## TASK GOAL:
Print, exactly as they stand, the lines below from the one that has "Our Endangered Values: America's" to the one that has "Affected wildlife and", inclusive, leaving out the pictures.

## TASK INPUTS:
================================

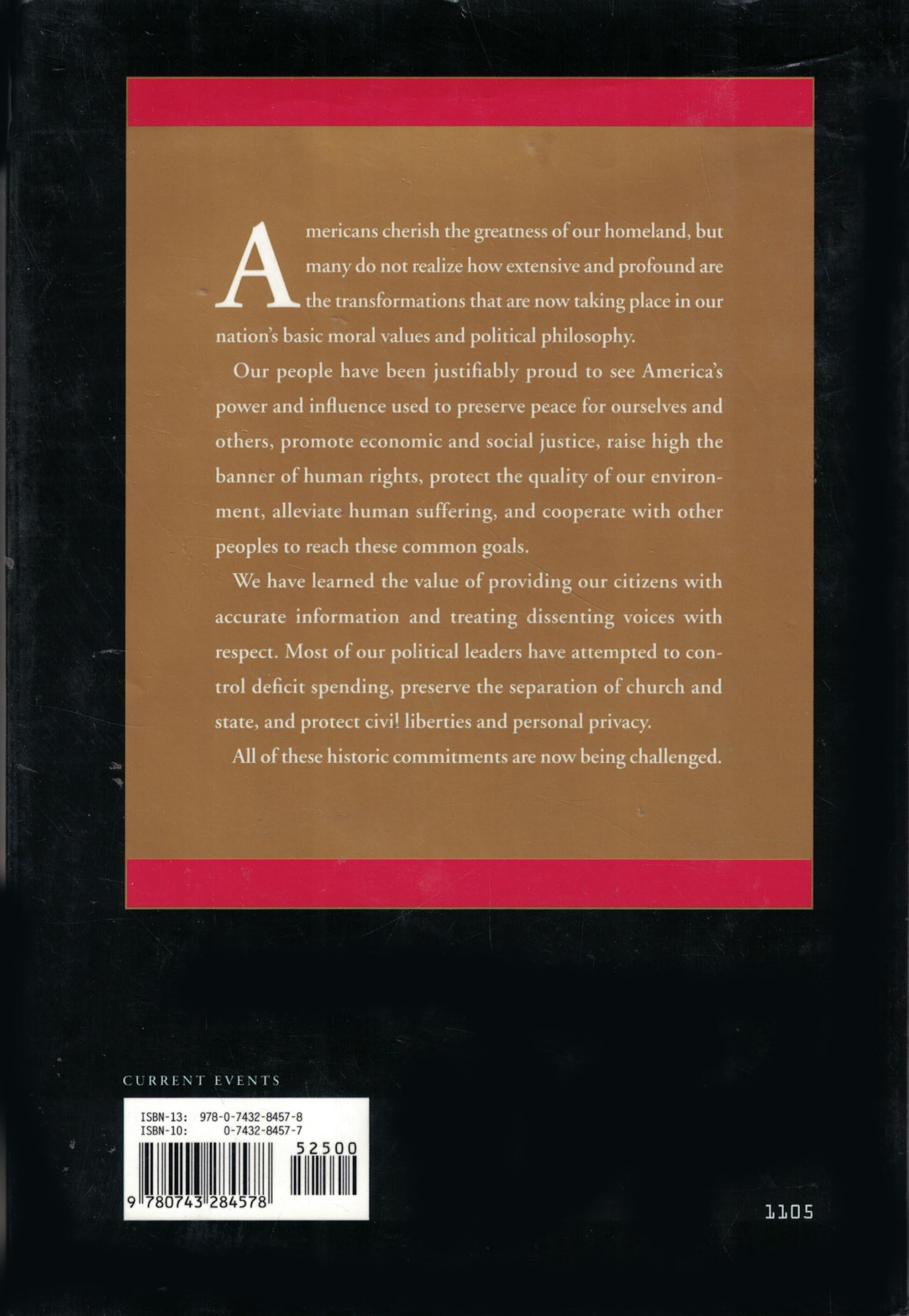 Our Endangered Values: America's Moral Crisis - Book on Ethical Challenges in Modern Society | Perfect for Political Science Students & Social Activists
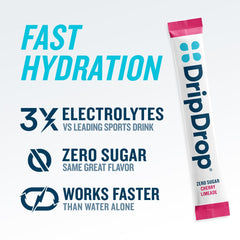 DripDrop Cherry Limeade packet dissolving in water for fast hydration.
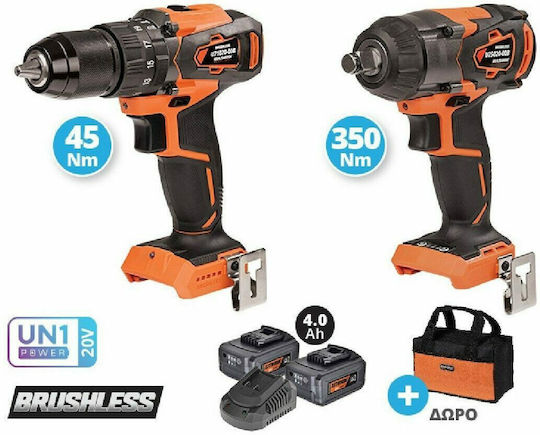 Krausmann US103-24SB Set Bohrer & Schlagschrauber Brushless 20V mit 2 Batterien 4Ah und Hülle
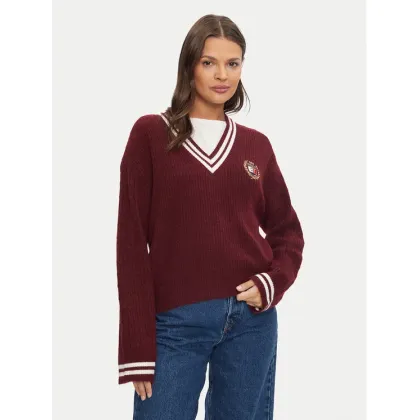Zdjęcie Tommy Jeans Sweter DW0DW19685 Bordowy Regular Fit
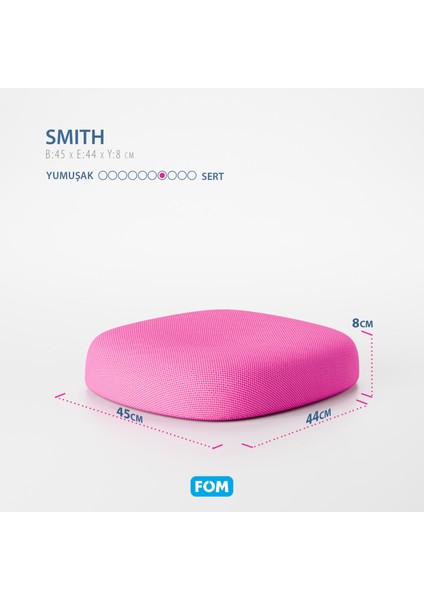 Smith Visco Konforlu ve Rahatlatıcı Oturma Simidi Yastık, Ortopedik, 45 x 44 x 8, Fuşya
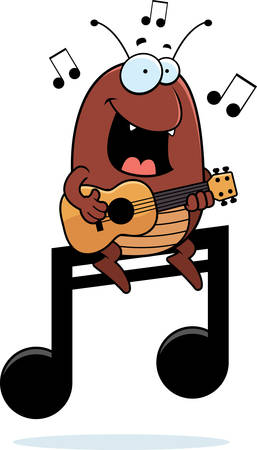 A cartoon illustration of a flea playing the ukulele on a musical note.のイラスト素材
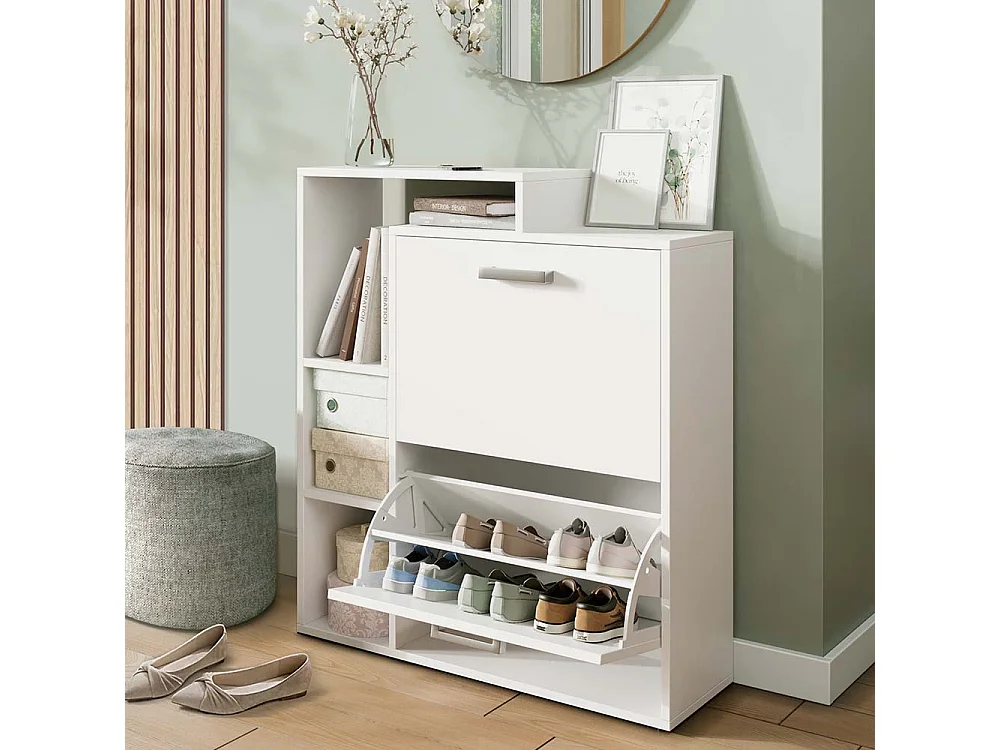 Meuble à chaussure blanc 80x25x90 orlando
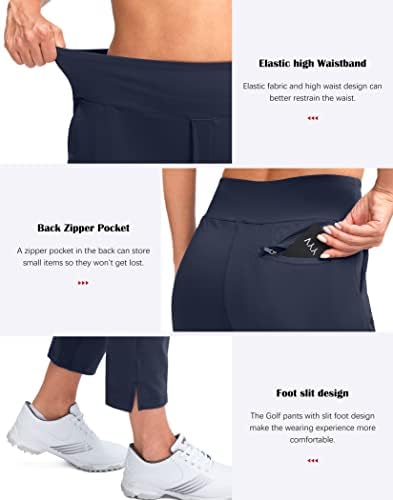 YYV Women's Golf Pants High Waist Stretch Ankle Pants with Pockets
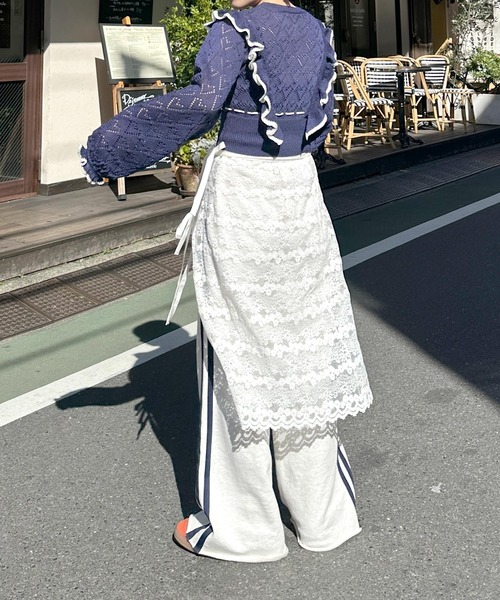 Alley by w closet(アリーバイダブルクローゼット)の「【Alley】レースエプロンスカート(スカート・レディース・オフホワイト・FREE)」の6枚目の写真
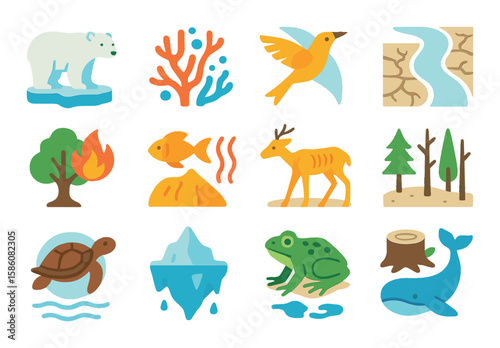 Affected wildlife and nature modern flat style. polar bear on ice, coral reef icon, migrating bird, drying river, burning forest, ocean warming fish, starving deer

================================

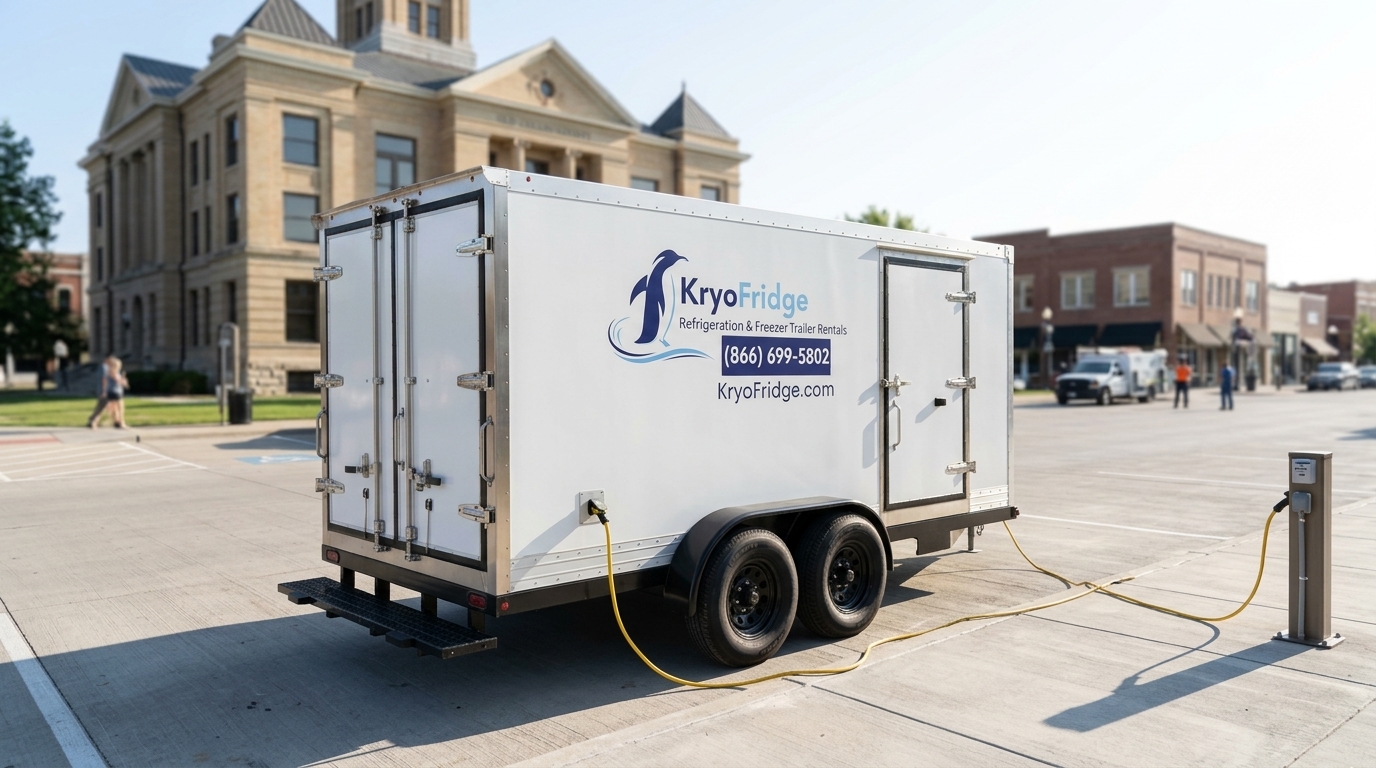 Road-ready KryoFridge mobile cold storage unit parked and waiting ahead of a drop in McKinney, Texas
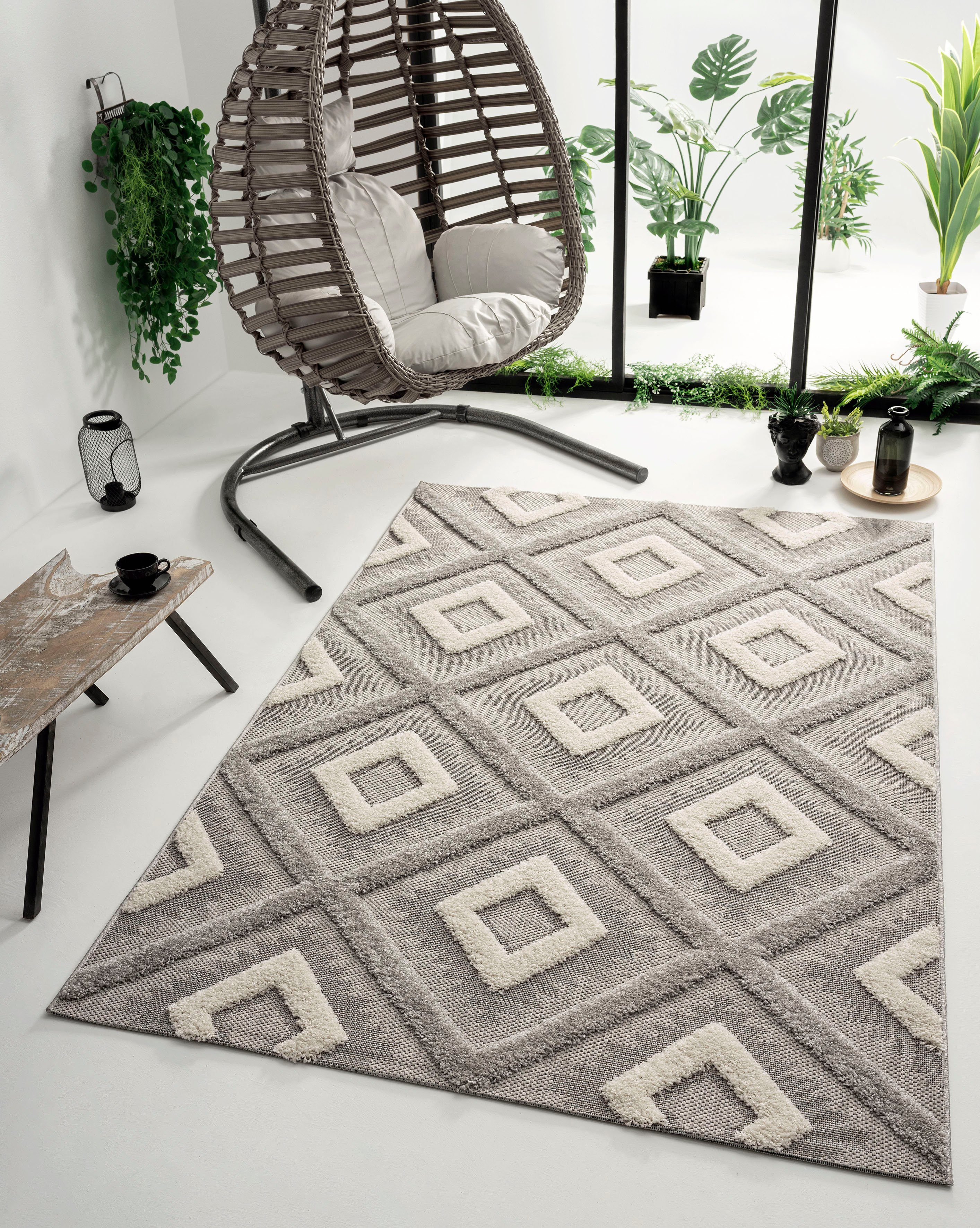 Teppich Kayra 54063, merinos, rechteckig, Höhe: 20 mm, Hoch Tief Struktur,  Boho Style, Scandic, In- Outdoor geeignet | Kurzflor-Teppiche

================================

## EXERCISE ANSWER:
 Our Endangered Values: America's Moral Crisis - Book on Ethical Challenges in Modern Society | Perfect for Political Science Students & Social Activists
 DripDrop Cherry Limeade packet dissolving in water for fast hydration.
 Krausmann US103-24SB Set Bohrer & Schlagschrauber Brushless 20V mit 2 Batterien 4Ah und Hülle
Zdjęcie Tommy Jeans Sweter DW0DW19685 Bordowy Regular Fit
 Smith Visco Konforlu ve Rahatlatıcı Oturma Simidi Yastık, Ortopedik, 45 x 44 x 8, Fuşya
 A cartoon illustration of a flea playing the ukulele on a musical note.のイラスト素材
 Meuble à chaussure blanc 80x25x90 orlando
 YYV Women's Golf Pants High Waist Stretch Ankle Pants with Pockets
 Alley by w closet(アリーバイダブルクローゼット)の「【Alley】レースエプロンスカート(スカート・レディース・オフホワイト・FREE)」の6枚目の写真
 Affected wildlife and nature modern flat style. polar bear on ice, coral reef icon, migrating bird, drying river, burning forest, ocean warming fish, starving deer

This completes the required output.